Course Outline
-
Scala Primer for Government
- A quick introduction to Scala for government use
- Labs: Getting acquainted with Scala for government applications
-
Spark Basics for Government
- Background and history of Spark for government
- Integration of Spark with Hadoop for government workflows
- Core concepts and architecture of Spark for government
- Overview of the Spark ecosystem (core, SQL, MLlib, streaming) for government applications
- Labs: Installing and running Spark in a government environment
-
First Look at Spark for Government
- Running Spark in local mode for government testing
- Exploring the Spark web UI for government monitoring
- Using the Spark shell for government data exploration
- Analyzing datasets – part 1, tailored for government needs
- Inspecting RDDs in a government context
- Labs: Exploring the Spark shell for government applications
-
RDDs for Government
- Concepts of RDDs for government data processing
- Partitioning strategies for government datasets
- Operations and transformations on RDDs for government tasks
- Types of RDDs suitable for government use cases
- Key-Value pair RDDs for government applications
- MapReduce operations using RDDs in a government context
- Caching and persistence techniques for government data
- Labs: Creating, inspecting, and caching RDDs for government projects
-
Spark API Programming for Government
- Introduction to the Spark API and RDD API for government developers
- Submitting the first program to Spark in a government environment
- Debugging and logging techniques for government applications
- Configuration properties for government deployments
- Labs: Programming in the Spark API, submitting jobs for government tasks
-
Spark SQL for Government
- SQL support in Spark for government data queries
- Dataframes and their use in government datasets
- Defining tables and importing datasets for government analysis
- Querying data frames using SQL for government reports
- Storage formats (JSON, Parquet) for government data storage
- Labs: Creating and querying data frames, evaluating data formats for government needs
-
MLlib for Government
- Introduction to MLlib for government machine learning tasks
- Overview of MLlib algorithms suitable for government applications
- Labs: Writing MLib applications for government projects
-
GraphX for Government
- Overview of the GraphX library for government data analysis
- GraphX APIs and their application in government workflows
- Labs: Processing graph data using Spark for government tasks
-
Spark Streaming for Government
- Overview of streaming capabilities in Spark for government real-time data processing
- Evaluating streaming platforms suitable for government use
- Streaming operations and their application in government scenarios
- Sliding window operations for government data streams
- Labs: Writing spark streaming applications for government tasks
-
Spark and Hadoop for Government
- Introduction to Hadoop (HDFS, YARN) for government data storage and processing
- Architecture of Hadoop + Spark integration for government workflows
- Running Spark on Hadoop YARN in a government environment
- Processing HDFS files using Spark for government applications
-
Spark Performance and Tuning for Government
- Broadcast variables for optimizing government data processing
- Accumulators for tracking government data metrics
- Memory management and caching strategies for government applications
-
Spark Operations for Government
- Deploying Spark in a production environment for government use
- Sample deployment templates for government IT teams
- Configuration settings optimized for government requirements
- Monitoring tools and techniques for government deployments
- Troubleshooting common issues in government Spark environments
Requirements
PRE-REQUISITES
Familiarity with either the Java, Scala, or Python programming languages (our labs are conducted in Scala and Python)
Basic understanding of a Linux development environment, including command line navigation and file editing using tools such as VI or nano, is required for government participants.
Testimonials (6)
Doing similar exercises different ways really help understanding what each component (Hadoop/Spark, standalone/cluster) can do on its own and together.
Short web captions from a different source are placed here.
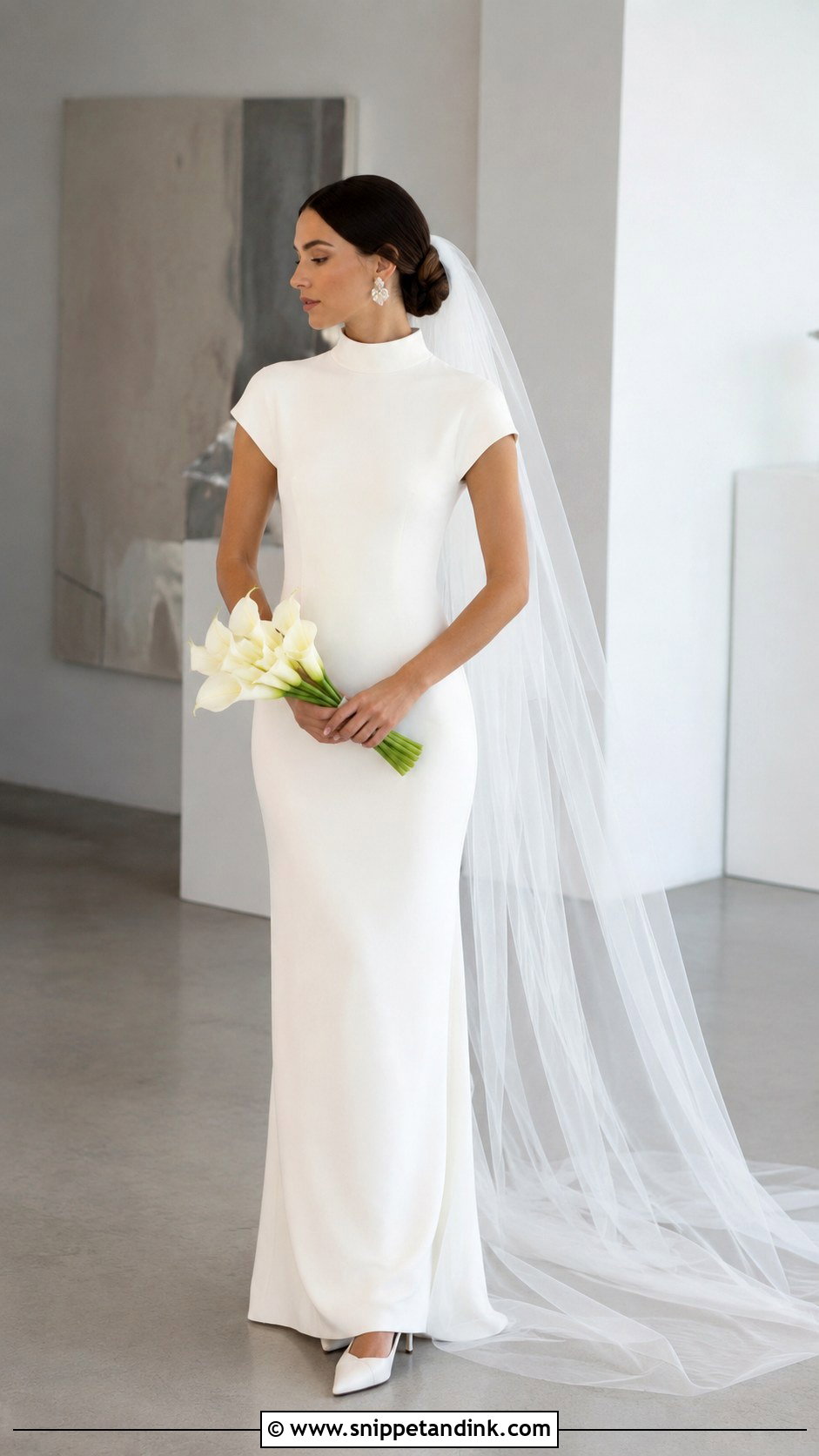 High Neck Short Sleeve Minimalist Sheath Wedding Dress - Snippet and Ink - 20 High Neck Short Sleeve Wedding Dress Ideas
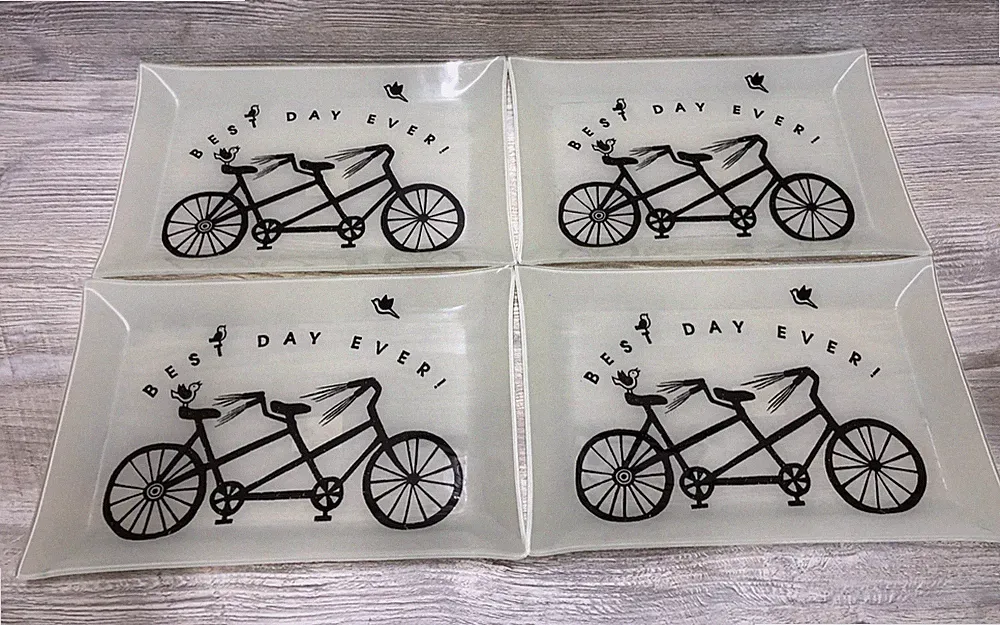 4 NEW "BEST DAY EVER" Tandem Bicycle Glass Plate Trinket Tray 11-1/2" x 7-1/2"
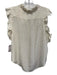 Frame Size L Cream White Silk Cap Sleeve Buttons Ruffle Top Cream White / L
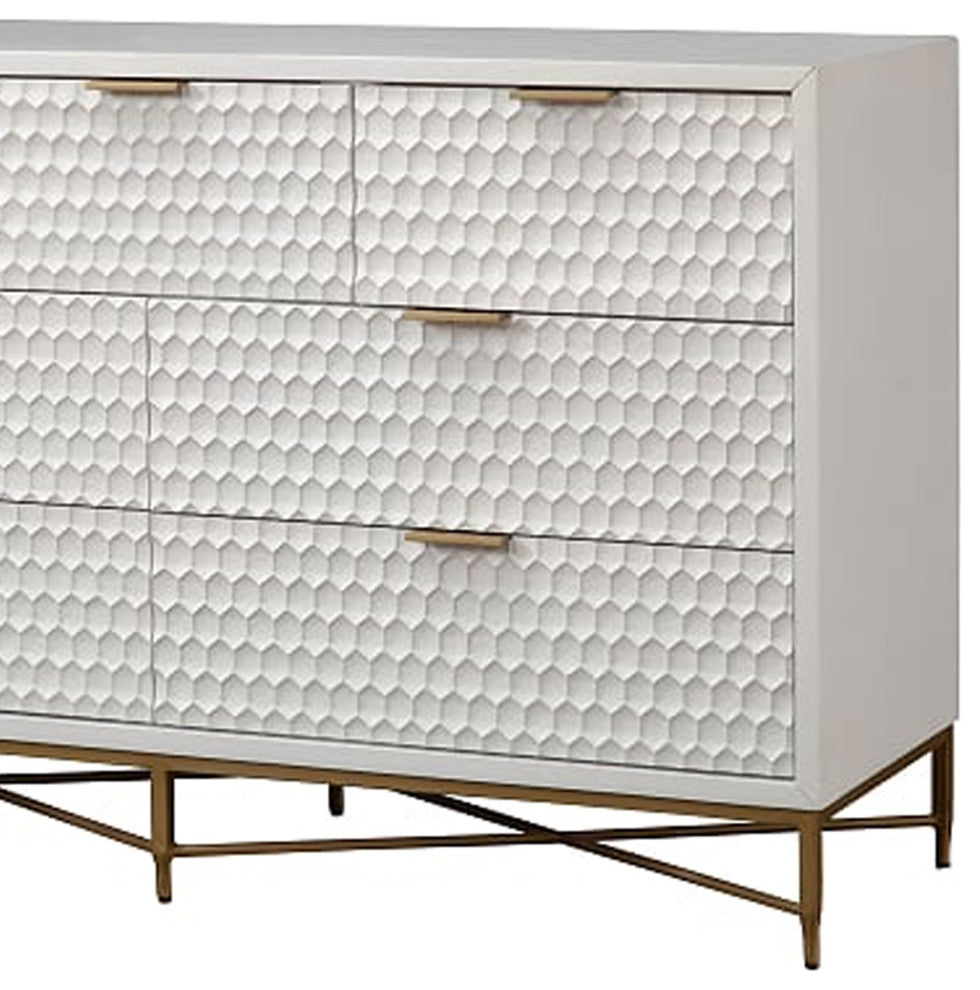 Benzara BM206686 Honeycomb Design 7 Drawer Dresser With Metal Legs, White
It gave me ideas on how I should test my application on my local machine when I develop vs when it is deployed on a cluster.
Thomas Carcaud - IT Frankfurt GmbH
Course - Spark for Developers
Ajay was very friendly, helpful and also knowledgable about the topic he was discussing.
Biniam Guulay - ICE International Copyright Enterprise Germany GmbH
Course - Spark for Developers
Ernesto did a great job explaining the high level concepts of using Spark and its various modules.
Michael Nemerouf
Course - Spark for Developers
The trainer made the class interesting and entertaining which helps quite a bit with all day training.
Ryan Speelman
Course - Spark for Developers
We know a lot more about the whole environment.
John Kidd
Course - Spark for Developers
Richard is very calm and methodical, with an analytic insight - exactly the qualities needed to present this sort of course.